Here it is, un-cropped, on the edge of being in focus.

Once the rain eased we headed for the Budge screen to scrutinise the waders. There were five Ruff, four adult males and a juvenile bird and an amazing 45 Dunlin - all adults. One can only assume, as no juveniles are present,  that these are failed breeders heading south? There were 14 Black-tailed Godwits - at least eight of them were assignable to the icelandica race and the others were a good fit. A Little Ringed Plover and three Little Gulls were nice to see.
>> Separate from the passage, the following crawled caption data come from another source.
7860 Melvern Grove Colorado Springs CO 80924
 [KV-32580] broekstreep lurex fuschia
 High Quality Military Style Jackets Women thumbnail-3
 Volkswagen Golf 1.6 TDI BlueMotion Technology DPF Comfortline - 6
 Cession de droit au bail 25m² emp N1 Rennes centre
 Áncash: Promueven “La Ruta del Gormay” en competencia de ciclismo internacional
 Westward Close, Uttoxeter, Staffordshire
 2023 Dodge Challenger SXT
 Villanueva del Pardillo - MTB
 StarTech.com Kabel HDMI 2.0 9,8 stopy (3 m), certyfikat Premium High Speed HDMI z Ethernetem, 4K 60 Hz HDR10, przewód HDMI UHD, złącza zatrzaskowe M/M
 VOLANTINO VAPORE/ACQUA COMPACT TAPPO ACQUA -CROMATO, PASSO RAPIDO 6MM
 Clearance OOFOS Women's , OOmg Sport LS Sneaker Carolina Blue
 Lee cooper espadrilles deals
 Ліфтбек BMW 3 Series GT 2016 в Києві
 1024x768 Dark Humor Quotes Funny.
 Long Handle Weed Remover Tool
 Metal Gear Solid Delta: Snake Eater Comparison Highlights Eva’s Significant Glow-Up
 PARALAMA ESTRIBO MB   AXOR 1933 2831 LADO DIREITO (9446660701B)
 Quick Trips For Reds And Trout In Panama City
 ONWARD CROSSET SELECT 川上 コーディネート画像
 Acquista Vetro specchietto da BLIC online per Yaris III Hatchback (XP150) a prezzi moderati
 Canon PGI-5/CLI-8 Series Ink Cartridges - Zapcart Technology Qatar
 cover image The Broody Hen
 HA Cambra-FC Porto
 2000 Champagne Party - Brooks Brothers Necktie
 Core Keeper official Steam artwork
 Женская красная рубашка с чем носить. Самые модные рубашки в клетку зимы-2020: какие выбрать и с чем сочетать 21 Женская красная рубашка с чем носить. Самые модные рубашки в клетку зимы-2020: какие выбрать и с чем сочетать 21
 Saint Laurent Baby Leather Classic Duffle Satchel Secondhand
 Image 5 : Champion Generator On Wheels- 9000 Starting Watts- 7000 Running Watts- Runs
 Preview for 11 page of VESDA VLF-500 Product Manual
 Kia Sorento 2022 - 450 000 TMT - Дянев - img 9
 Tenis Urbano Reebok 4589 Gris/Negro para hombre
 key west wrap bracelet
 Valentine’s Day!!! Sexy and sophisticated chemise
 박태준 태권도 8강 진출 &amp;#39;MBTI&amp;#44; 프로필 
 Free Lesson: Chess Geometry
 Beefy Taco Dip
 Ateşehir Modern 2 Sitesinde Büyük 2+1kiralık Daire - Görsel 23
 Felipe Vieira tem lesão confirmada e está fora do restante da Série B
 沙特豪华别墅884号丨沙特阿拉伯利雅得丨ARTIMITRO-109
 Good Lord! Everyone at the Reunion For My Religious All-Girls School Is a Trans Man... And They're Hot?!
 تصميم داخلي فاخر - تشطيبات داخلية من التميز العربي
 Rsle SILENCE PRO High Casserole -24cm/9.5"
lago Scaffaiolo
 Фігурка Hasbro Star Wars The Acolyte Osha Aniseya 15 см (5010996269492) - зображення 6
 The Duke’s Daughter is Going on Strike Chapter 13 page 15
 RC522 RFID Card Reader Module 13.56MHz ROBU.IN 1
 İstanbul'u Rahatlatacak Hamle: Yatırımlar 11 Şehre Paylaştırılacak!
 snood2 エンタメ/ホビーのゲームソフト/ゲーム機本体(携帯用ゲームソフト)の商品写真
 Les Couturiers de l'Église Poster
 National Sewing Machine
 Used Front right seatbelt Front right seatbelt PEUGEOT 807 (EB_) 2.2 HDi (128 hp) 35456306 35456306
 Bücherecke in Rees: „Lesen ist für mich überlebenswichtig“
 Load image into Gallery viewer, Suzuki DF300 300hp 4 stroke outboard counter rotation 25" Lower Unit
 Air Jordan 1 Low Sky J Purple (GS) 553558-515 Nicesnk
The Budge fields have been the best for breeding waders for as long as I can remember. Lapwing have done well, despite heavy losses to Corvids and Herons. There have been at least two successful broods of Redshank and Avocet is a new breeding species. The first brood of Avocets are nearly adult-size now and will fledge but the second brood is now only one very small chick. It looked incredibly cute tonight though, in the mud, with it's little up-turned bill. The adults seemed to be paying it little regard though - waders are crap parents.

I think a combination of a very wet winter which suppressed the marginal vegetation, followed by an incredibly dry spell (lockdown) along with the grazing by the six ponies has created the prefect sward height... maybe not for Snipe though which are pretty-much absent this spring.